Figur seorang Ayah adalah figur yang sangat penting dijaman sekarang ini. Karena banyak sekali anak yang kehilangan figur seorang ayah dan mencari perhatian ayahnya dengan melakukan apa yang kita sebut “kenakalan”.
“Kulakukan ini semua untuk keluarga” adalah jawaban klasik yang muncul di mulut kebanyakan ayah, “saya bekerja untuk siapa kalau bukan untuk keluarga”, tetapi yang sering terjadi adalah keluarga menjadi korban. Maunya yang terbaik buat keluarga tetapi keluarga jadi korbannya kelak dan dimasa tuanya terjadi kebingungan, kenapa keluarga kok amburadul semua, “salah dimana?” Ya tentunya anda sekalian tahu dimana letak salahnya, bukan.

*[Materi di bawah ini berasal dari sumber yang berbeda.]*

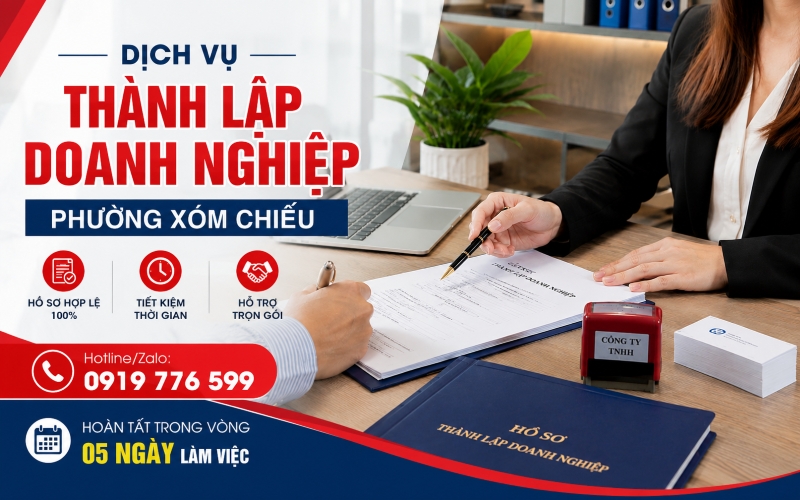 dịch vụ thành lập doanh nghiệp phường Xóm Chiếu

Seorang manusia, akan mempunyai kehidupan yang maksimal jika “dia diampuni dan mau mengampuni”. Ini adalah dasarnya. Bagi anda seorang ayah, maukah anda mengampuni anak dan minta maaf kepada anak untuk kebaikannya kelak dikehidupan masa depan? Dan anda sendiri sebagai ayah akan menjadi ayah yang sangat maksimal bagi keluarga dan lingkungan sekitar anda.

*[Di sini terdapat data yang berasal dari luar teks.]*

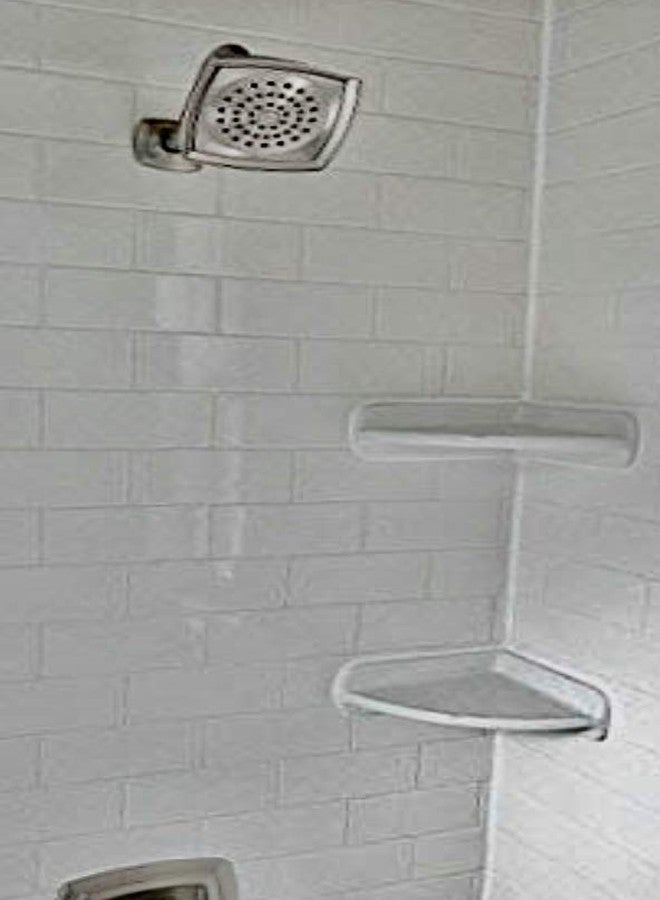 Daltile Restore 8-1/2 in. x 8-1/2 in. x 2-5/8 in. Ceramic Wall Mounted Corner Shelf in Bright White - Image 5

Para Ayah, anda sangat dirindukan dan dibutuhkan anak-anak anda untuk bekal kehidupan di masa depannya. Jangan habiskan seluruh energy dan waktu di tempat kerja, sehingga waktu dirumah hanyalah sisa energy dan duduk menonton tv atau membaca koran. Seorang anak perlu pelukan dan telinga dari ayahnya untuk mendengar, mengerti apa yang diceritakan sang anak.
Ajarkan kebenaran tentang moral dan sopan santun dan tentunya para ayah tidak akan menyesal kelak dalam kehidupan dewasa sang anak akan mengamalkan didikan dari sang ayah.
“Seorang ayah mampu membantu menggerakan perekonomian dunia dan mensejaterahkan kehidupan yang lebih layak untuk kehidupan di BUMI ini” – Timothy Wibowo.